Bennu: NASA Knew About Water 1 Month Before OSIRIS-REx Approached Asteroid

"At first we thought, 'Oh no, we messed up something.'"

by Emma Betuel

For two years, scientists have wondered what OSIRIS-REx, the spacecraft that arrived on December 3 at the near-earth asteroid Bennu, might find. On Monday, NASA broke news that all that waiting was worth it: Instruments on the spacecraft confirmed that there’s water on Bennu.

The funny thing is, NASA scientists have actually known about the water for a month — well before OSIRIS even got cozy with the asteroid..

Amy Simon, Ph.D., NASA’s deputy instrument scientist for the OSIRIS-REx visible and near-IR Spectrometer (OVIRS) — one of the instruments that alerted scientists to this new evidence — tells Inverse that the signals from Bennu suggesting evidence of water were so strong that the team thought they’d made a mistake. They chose to sit on the data, checking it carefully, before making their announcement.

"It’s there, it’s everywhere.

Bennu, explains Simon, seems to be replete with hydroxyls (molecules containing hydrogen and oxygen atoms), which are signs that the clay near its surface interacted with water in the past. The team got their first hint about Bennu’s hidden hydroxyls on November 2 at 4:00 am UTC, when Simon’s spectrometer detected something strange: There was evidence of hydroxls on every side of the asteroid, not just in one place.

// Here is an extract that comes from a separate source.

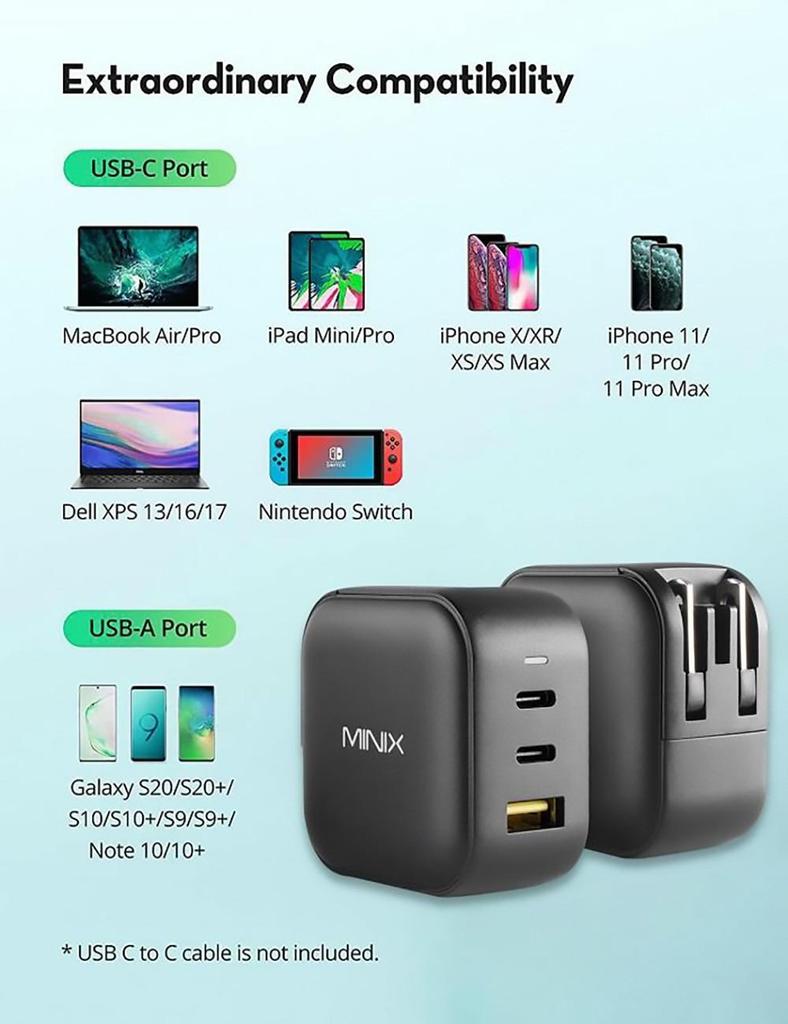 MINIX P1 65W 3-Port GaN Wall Charger with Multi-Protection Safety System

“At first we thought, ‘Oh no, we messed up something in the instrument, there’s something in there that’s not real,’” Simon tells Inverse. “It took a while to convince ourselves that it’s actually there. When the other spectrometer confirmed it that was the nail in the coffin, so to speak. It’s there, it’s everywhere.”

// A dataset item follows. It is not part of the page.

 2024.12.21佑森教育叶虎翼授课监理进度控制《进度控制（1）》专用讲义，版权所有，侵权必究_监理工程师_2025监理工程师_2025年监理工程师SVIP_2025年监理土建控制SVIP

Simon has been checking her data since then, and alerted the team a NASA several weeks ago. Only on Monday did NASA officially announce the news, ahead of the American Geophysical Union’s Fall Meeting in Washington D.C.

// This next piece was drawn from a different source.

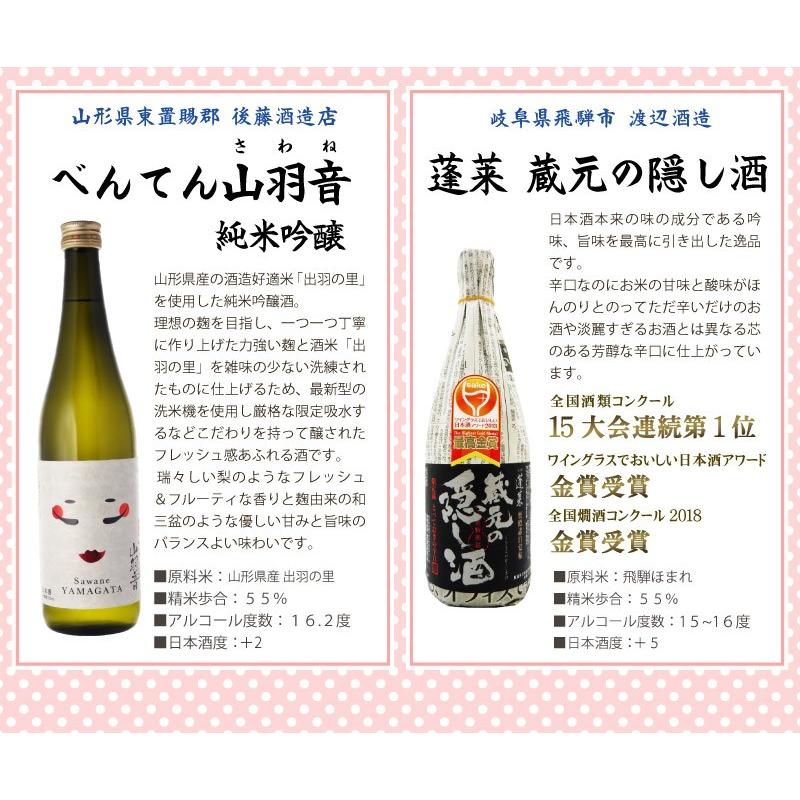 送料無料　フルーティー日本酒飲み比べ6本セット　女性にもおすすめ　720ml×6本セット（北海道・沖縄＋890円）｜newyork19892005｜06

Eventually, OSIRIS will land on Bennu and collect samples

NASA

Exciting as they are, the signals aren’t proof that liquid water pooled on Bennu. It’s far too small for that, Simon explains. Rather, they are evidence that Bennu’s parent body, the larger asteroid from which it broke off, may have contained liquid water in the past. This is very good news for two parts of OSIRIS’ core mission to return samples of Bennu back to Earth for analysis and to illuminate what conditions were like in the early stages of the solar system. Part of Bennu’s appeal is that is has been relatively undisturbed since that period.

“We are seeing the evidence of past liquid, which locks the OH into the mineral structure,” Simon explains, referring to the oxygen and hydrogen atoms in water. If this is the case, she adds, it’s fair to hypothesize that this reaction was happening in other places throughout the early solar system, indicating that there was liquid to be found there.

“The reason that’s important is because we always talk about if meteorites, asteroids, comets could have delivered material to the earth, and so if we find that material is pretty widespread throughout the early solar system then yeah, they probably did deliver it to the early planet” she continues.

"At first we thought, “Oh no, we messed up something in the instrument, there’s something in there that’s not real."

Going forward, this finding also might be important for the next few phases of OSIRIS’ work at Bennu. Since the spacecraft arrived, it has been searching for a safe and scientifically interesting place to land to collect samples, which will be returned to Earth. Doing so is tricky because the most scientifically interesting place might not actually be the safest place to land an expensive piece of equipment.

But since Bennu seems to have many different regions in which OSIRIS can collect these coveted hydrated minerals, NASA might not have to sacrifice safety for science, or vice versa. It’s a good early indicator that OSIRIS may be able to deliver on its promises.